Recognition

In Finland, an emphasis on diversity leads to human rights award

HELSINKI, Finland — Just after the birth of her fourth child, Melody Karvonen made a somewhat unusual career change.

While still on maternity leave, Ms. Karvonen decided to end her 10-year career in architectural drafting and instead moved into human rights. She first participated in a project aimed at the elimination of racism.

In that campaign, organized by the Red Cross and the Mannerheim's Child Protection League, she led groups of youth and children in discussions on racial tolerance in society and the beauty of human diversity.

Fourteen years later, after her initial steps had broadened into a career devoted to the protection of human rights, Ms. Karvonen, 51, was named the Human Rights Worker of the Year by the Finnish League for Human Rights.

Dr. Pentti Arajarvi, a member of the League's board of directors and husband of the President of Finland, Tarja Halonen, was the keynote speaker at the award ceremony on 27 September 2003. Also present was Mikko Puumalainen, the Finnish Ombudsman for Minorities.

In her acceptance speech, Ms. Karvonen said that the principles of the Bahá'í Faith provided a basis for her work.

"Today there is a lot of emphasis in the world on diversity and coexistence, but less on how we can work better together," she said.

"People often concentrate on the differences of culture, but in my work I try to focus on how human beings can live together. As Bahá'u'lláh said: 'The earth is but one country and mankind its citizens.'"

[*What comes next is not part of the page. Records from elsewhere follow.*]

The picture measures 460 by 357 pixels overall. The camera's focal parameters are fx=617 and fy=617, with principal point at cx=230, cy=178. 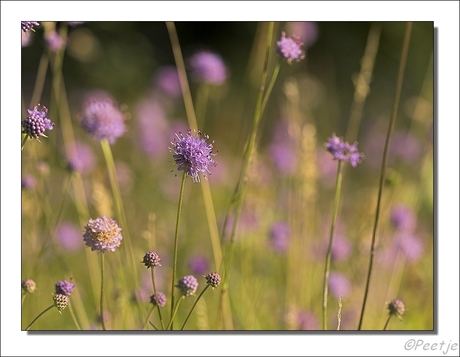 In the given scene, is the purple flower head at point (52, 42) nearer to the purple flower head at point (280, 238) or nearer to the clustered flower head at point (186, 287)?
the clustered flower head at point (186, 287)

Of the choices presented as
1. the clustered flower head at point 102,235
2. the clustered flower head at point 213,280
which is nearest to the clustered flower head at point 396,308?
the clustered flower head at point 213,280

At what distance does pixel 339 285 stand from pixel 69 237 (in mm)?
1228

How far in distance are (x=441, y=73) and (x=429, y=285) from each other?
85 centimetres

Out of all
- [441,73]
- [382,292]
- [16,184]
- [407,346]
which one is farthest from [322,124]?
[16,184]

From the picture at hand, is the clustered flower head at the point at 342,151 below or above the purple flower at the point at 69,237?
below

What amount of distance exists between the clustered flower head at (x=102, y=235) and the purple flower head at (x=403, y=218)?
50.2 inches

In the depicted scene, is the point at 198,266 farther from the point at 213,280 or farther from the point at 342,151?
the point at 342,151

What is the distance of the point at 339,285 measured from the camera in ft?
7.96

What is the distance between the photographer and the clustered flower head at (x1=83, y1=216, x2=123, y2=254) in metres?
1.67

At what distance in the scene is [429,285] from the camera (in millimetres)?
A: 2457

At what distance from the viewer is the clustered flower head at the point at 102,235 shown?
1.67 metres

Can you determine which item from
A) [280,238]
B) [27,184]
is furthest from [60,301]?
[280,238]

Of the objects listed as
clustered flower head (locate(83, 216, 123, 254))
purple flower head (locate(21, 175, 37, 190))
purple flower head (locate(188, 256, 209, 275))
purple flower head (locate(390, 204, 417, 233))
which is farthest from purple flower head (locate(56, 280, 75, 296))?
purple flower head (locate(390, 204, 417, 233))

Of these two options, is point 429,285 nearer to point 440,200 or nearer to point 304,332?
point 440,200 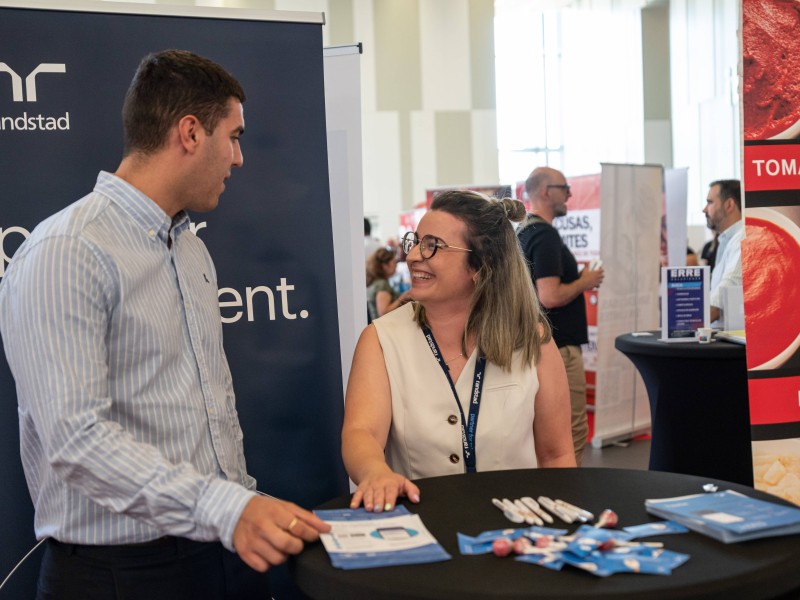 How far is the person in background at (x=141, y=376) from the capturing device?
129 centimetres

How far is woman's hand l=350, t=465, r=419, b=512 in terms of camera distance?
1548 mm

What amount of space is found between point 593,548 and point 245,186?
149 cm

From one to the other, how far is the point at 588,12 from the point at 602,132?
79.2 inches

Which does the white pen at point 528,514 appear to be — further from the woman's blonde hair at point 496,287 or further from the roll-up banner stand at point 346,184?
the roll-up banner stand at point 346,184

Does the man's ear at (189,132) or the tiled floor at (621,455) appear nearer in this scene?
the man's ear at (189,132)

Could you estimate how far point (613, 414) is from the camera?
5.92 meters

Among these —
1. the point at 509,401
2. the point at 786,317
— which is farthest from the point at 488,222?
the point at 786,317

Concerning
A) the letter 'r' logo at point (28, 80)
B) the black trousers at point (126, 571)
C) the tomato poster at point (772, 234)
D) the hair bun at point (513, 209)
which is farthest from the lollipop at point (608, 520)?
the letter 'r' logo at point (28, 80)

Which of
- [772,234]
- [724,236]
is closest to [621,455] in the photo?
[724,236]

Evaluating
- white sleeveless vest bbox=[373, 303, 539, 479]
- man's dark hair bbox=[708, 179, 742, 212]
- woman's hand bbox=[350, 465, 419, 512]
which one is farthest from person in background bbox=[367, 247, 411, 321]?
woman's hand bbox=[350, 465, 419, 512]

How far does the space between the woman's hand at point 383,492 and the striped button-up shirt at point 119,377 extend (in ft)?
0.86

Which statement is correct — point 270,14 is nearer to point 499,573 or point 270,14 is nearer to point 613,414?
point 499,573

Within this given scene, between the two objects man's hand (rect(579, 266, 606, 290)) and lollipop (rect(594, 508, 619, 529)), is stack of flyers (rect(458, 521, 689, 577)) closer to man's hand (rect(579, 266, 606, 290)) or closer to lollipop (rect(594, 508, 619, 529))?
lollipop (rect(594, 508, 619, 529))

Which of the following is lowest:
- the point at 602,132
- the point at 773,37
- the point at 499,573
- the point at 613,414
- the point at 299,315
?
the point at 613,414
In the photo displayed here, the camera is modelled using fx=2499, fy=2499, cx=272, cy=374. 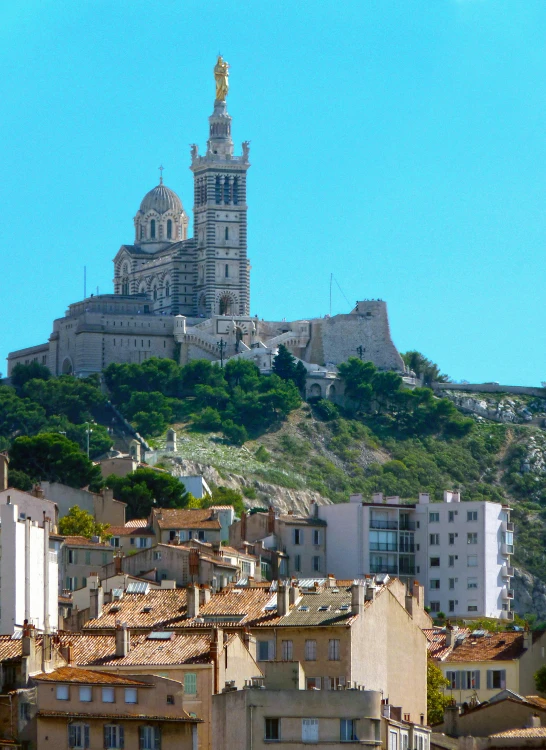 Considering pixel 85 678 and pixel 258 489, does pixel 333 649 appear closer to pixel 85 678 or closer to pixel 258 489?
pixel 85 678

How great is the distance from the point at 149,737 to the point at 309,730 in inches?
155

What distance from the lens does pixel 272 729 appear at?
6066cm

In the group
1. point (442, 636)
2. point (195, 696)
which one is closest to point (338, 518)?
point (442, 636)

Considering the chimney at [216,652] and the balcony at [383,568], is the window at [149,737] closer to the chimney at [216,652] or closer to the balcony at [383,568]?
the chimney at [216,652]

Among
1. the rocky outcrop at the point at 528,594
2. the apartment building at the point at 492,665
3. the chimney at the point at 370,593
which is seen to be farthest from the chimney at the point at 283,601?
the rocky outcrop at the point at 528,594

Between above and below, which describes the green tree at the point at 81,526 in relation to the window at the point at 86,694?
above

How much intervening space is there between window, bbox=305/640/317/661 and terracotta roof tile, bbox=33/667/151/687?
902cm

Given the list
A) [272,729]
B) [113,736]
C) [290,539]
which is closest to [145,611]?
[113,736]

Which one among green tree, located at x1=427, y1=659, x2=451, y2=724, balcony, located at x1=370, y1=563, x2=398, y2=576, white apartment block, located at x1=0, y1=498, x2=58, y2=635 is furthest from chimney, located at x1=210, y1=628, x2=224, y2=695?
balcony, located at x1=370, y1=563, x2=398, y2=576

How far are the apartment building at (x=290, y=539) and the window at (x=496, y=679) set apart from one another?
114 ft

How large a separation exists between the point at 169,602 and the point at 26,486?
67.5 m

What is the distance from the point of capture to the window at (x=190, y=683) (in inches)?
2510

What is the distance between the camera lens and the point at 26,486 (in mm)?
144750

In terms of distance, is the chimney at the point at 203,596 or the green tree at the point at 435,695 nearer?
the green tree at the point at 435,695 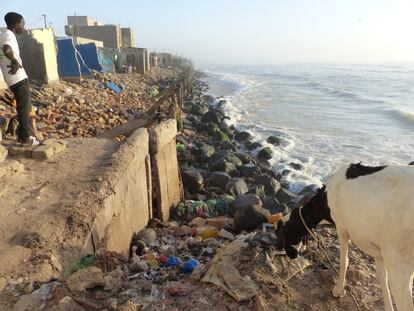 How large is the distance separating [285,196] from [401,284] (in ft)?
23.5

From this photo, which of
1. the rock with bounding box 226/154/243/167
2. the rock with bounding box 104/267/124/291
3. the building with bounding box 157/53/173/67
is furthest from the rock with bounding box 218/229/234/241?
the building with bounding box 157/53/173/67

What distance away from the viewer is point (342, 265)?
412cm

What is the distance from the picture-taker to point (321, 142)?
53.1ft

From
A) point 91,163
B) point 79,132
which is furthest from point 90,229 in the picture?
point 79,132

Ms. Karvonen was born in Iran — her maiden name was Naghmeh Izadi — and moved to Finland in 1973. She is married to Finnish-born Jarmo Tapio Karvonen and has four children. She has served as a member of the National Spiritual Assembly of the Bahá'ís of Finland since 1997.

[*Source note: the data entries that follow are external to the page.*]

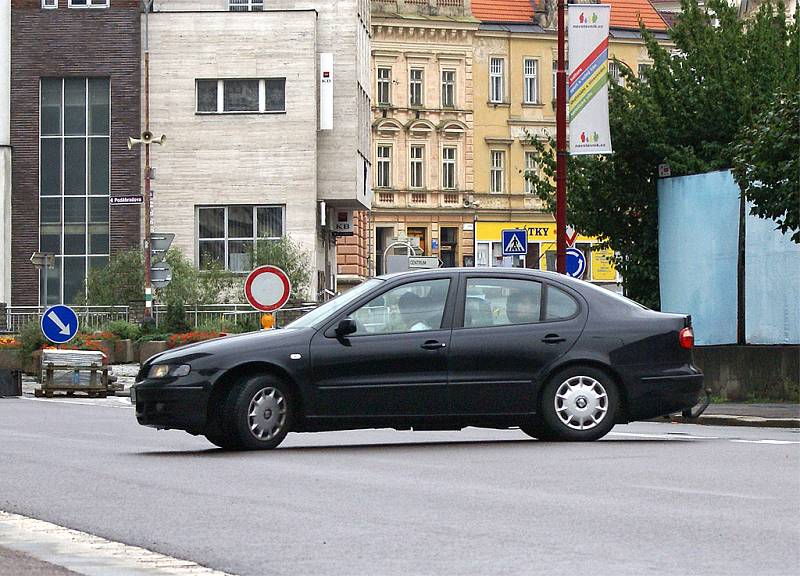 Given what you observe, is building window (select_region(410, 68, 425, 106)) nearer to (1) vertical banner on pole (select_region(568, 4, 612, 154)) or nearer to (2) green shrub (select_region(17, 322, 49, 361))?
(2) green shrub (select_region(17, 322, 49, 361))

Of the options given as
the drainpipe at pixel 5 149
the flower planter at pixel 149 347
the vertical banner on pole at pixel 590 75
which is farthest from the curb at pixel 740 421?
the drainpipe at pixel 5 149

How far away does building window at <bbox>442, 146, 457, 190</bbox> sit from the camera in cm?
9188

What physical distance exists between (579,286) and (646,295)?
20515 mm

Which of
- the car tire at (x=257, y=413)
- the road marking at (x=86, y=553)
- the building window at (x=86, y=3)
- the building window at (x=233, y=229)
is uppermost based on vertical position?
the building window at (x=86, y=3)

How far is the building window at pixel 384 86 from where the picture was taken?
9094 centimetres

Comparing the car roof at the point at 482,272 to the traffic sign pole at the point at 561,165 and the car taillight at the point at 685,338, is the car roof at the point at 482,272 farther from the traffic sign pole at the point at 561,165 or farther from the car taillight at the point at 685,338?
the traffic sign pole at the point at 561,165

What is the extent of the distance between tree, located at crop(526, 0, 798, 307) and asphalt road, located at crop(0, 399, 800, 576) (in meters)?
18.4

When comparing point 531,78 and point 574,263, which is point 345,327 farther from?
point 531,78

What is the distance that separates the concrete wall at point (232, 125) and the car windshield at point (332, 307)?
4427 cm

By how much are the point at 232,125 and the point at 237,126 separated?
0.18 m

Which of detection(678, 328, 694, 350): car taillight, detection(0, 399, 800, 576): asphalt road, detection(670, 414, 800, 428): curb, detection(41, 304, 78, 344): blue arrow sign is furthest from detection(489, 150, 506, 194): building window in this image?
detection(678, 328, 694, 350): car taillight

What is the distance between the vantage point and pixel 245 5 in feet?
210

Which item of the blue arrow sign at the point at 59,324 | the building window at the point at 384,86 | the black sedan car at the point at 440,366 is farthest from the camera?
the building window at the point at 384,86

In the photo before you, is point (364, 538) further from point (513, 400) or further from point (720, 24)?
point (720, 24) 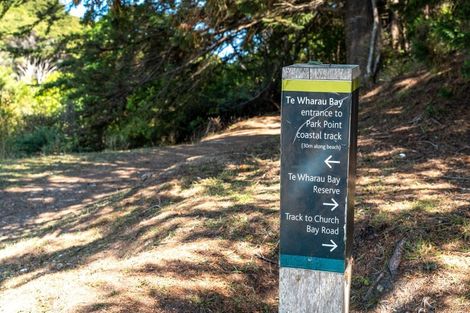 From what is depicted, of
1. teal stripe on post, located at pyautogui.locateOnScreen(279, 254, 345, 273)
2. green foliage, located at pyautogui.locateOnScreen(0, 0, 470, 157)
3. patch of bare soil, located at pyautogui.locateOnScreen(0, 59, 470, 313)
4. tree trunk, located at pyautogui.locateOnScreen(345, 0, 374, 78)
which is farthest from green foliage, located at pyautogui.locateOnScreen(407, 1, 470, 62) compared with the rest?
tree trunk, located at pyautogui.locateOnScreen(345, 0, 374, 78)

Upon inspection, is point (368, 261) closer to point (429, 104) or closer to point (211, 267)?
point (211, 267)

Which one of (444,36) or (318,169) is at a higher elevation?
(444,36)

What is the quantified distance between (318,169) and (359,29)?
8.64m

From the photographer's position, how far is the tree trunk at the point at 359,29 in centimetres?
1124

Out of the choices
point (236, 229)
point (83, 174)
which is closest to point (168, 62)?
point (83, 174)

After her initial two years as a volunteer in human rights work, she accepted a position with the Red Cross as a refugee adviser for the newly established Center for Asylum Seekers in Joensuu, in the east of Finland.

For five years she represented the Police of Joensuu as an educator for tolerance and cross-cultural understanding.

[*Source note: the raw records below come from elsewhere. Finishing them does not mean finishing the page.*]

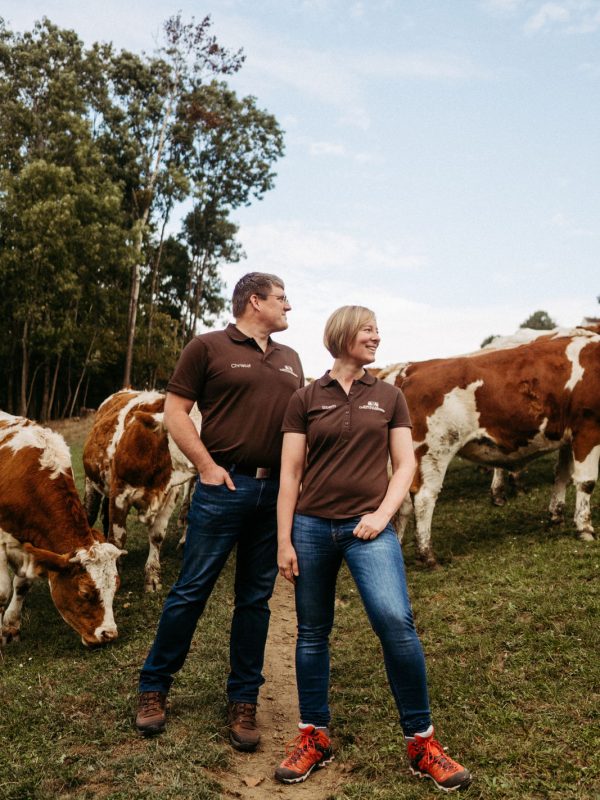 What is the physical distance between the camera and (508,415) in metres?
8.74

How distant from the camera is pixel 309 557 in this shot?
3986 mm

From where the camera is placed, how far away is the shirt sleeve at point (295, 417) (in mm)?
4113

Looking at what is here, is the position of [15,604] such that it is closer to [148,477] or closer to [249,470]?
[148,477]

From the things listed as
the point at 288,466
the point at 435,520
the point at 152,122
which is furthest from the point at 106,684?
the point at 152,122

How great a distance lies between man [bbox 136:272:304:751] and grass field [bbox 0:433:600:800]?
0.48 meters

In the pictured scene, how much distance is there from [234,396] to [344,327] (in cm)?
85

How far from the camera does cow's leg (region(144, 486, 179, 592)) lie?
842 centimetres

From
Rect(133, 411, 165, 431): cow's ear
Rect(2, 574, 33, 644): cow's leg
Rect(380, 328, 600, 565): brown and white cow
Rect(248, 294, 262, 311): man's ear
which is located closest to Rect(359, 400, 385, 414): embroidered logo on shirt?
Rect(248, 294, 262, 311): man's ear

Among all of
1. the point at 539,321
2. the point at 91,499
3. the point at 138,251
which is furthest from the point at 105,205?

Other projects she has been involved with include a program to reduce violence and racism among youth; the establishment of a school curriculum that encourages world citizenship; an evaluation and development of an international meeting center in Joensuu; and the "Be Equal, Be Different" project, shared by Finland, Holland, Italy, and Ireland, which seeks to reduce discrimination in the workplace.

Ms. Karvonen often accepts invitations from throughout Finland to address groups on topics such as cross-cultural understanding, tolerance and understanding, and the equality of women and men.

Ms. Karvonen is currently working as an immigration counselor for a project funded by the European Social Fund, under the auspices of the European Union.